RECORDS FOR THIS TASK
╭──

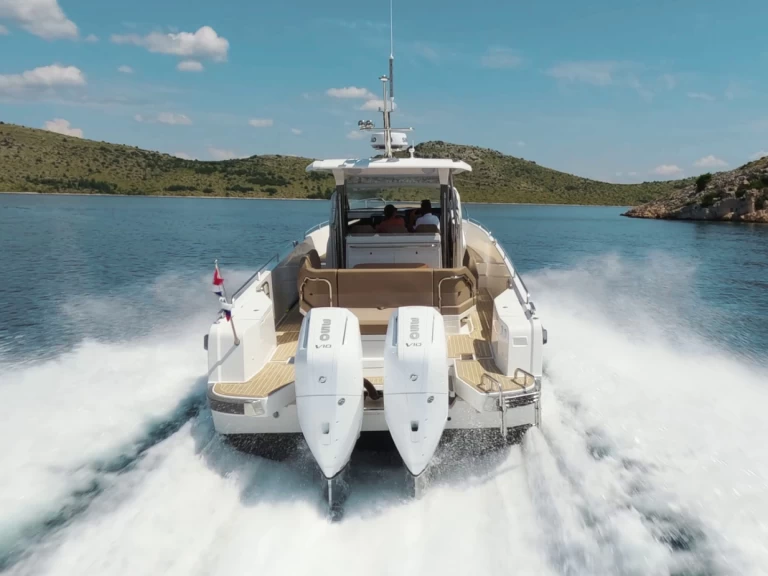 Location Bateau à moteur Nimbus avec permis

╰──
╭──

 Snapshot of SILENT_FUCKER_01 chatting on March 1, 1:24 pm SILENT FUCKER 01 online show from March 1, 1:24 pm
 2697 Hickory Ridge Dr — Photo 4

╰──
╭──

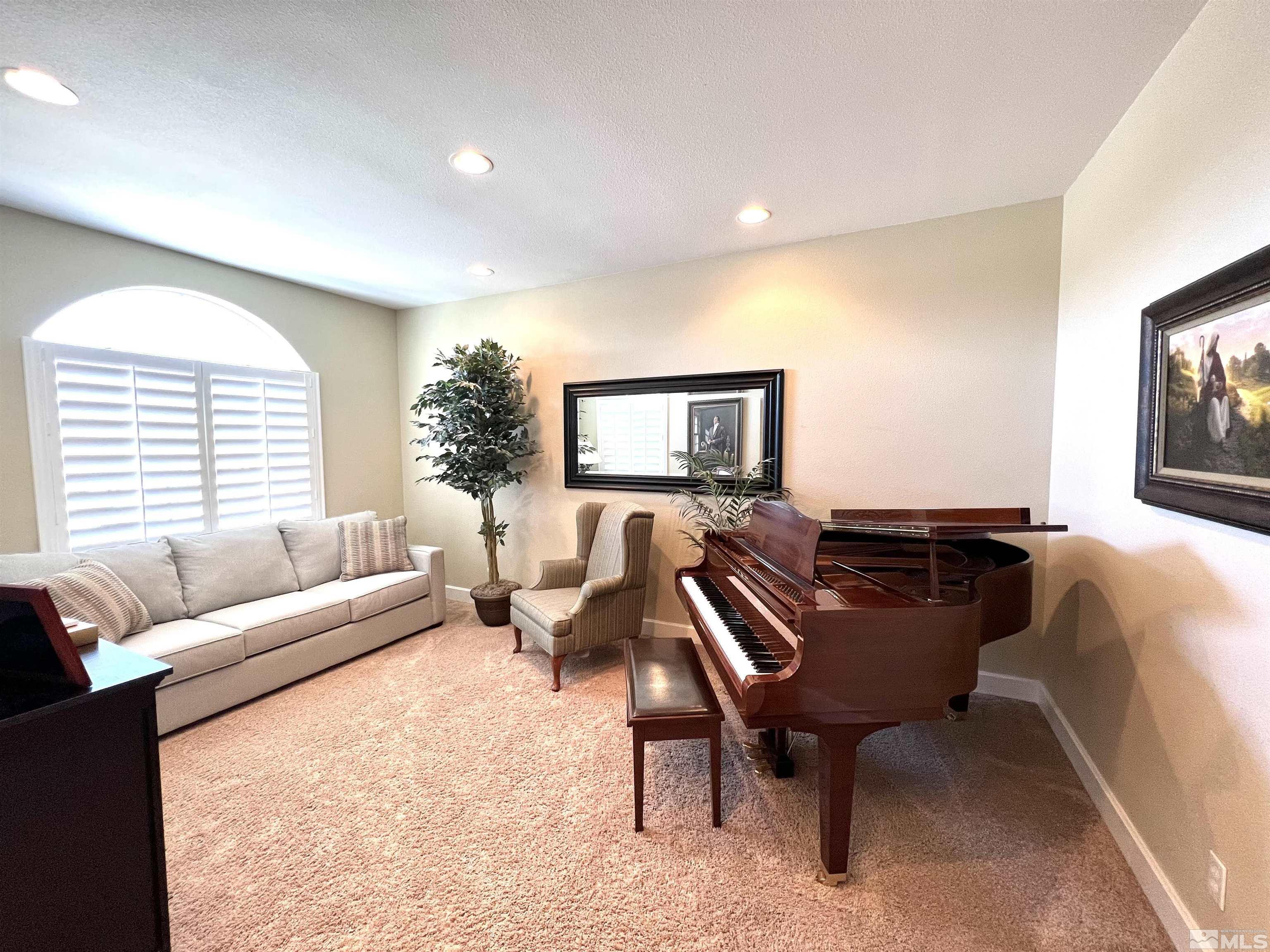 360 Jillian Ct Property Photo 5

╰──

AIM OF THE EXERCISE
Beginning with the line containing "Snapshot of SILENT_FUCKER_01" and ending with the line containing "2697 Hickory Ridge Dr — Photo 4", extract those lines exactly from the listing above, and only those.

REPLY
 Snapshot of SILENT_FUCKER_01 chatting on March 1, 1:24 pm SILENT FUCKER 01 online show from March 1, 1:24 pm
 2697 Hickory Ridge Dr — Photo 4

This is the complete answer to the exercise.